At least 17 people are still missing and more than 40,000 were displaced nationwide due to the storm, the civil defence office said.
Usman brought heavy rains that caused floods and loosened the soil, triggering landslides in some areas.
Rescue teams were still searching for several missing in the affected areas, emergency officials said.
Typhoon Mangkhut, the strongest typhoon of 2018, battered the southeast Asian country in September, packing winds of up to 270 kph (165 mph) and wreaking devastation across the northern Philippines.
A disaster agency spokesperson said the people, including a three-year-old boy, were reported dead as of this morning after a tropical cyclone barrelled through the eastern Visayas and Bicol regions yesterday.
In Eastern Visayas, three people were reported killed in a landslide and three due to drowning.
More than 22,000 people fled their homes ahead of the storm, which destroyed rice and corn crops and left some roads and bridges inaccessible, according to regional disaster officials.

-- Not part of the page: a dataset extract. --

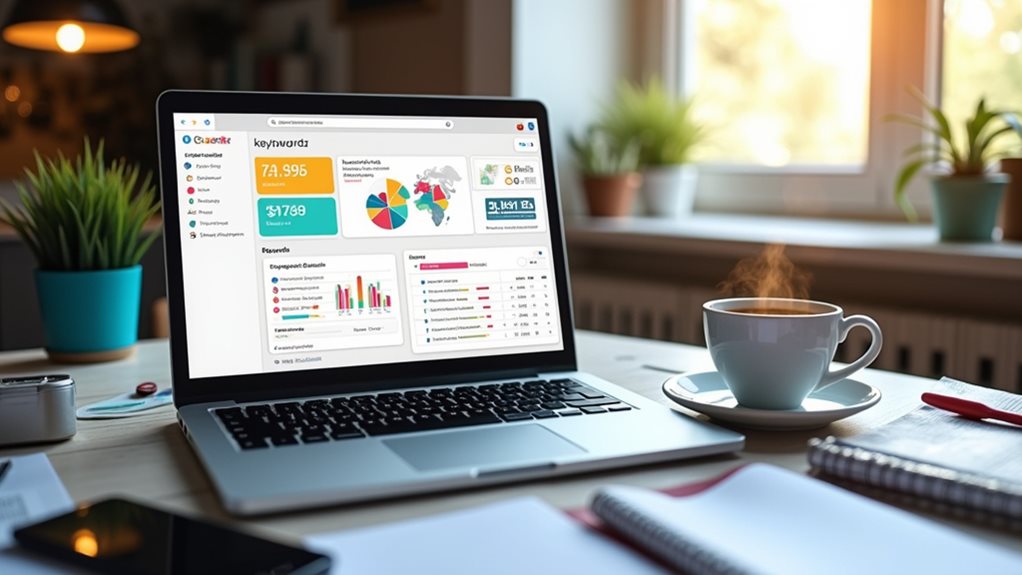 free tools for local seo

Thousands of passengers were stranded at seaports, airports and bus terminals as dozens of inter-island trips were cancelled.
The weather bureau said the tropical depression, locally named Usman, has weakened into a low-pressure area after making landfall but warned that eastern and central provinces would continue to experience rains.
A cold front and the northeast monsoon were also bringing bad weather over the capital, Manila, and other parts of the country, which could dampen usually rowdy New Year's Eve celebrations.
The worst storm to hit the Philippines in a generation occurred in 2013, when Super Typhoon Yolanda killed more than 6,000 people and displaced almost 4 million others.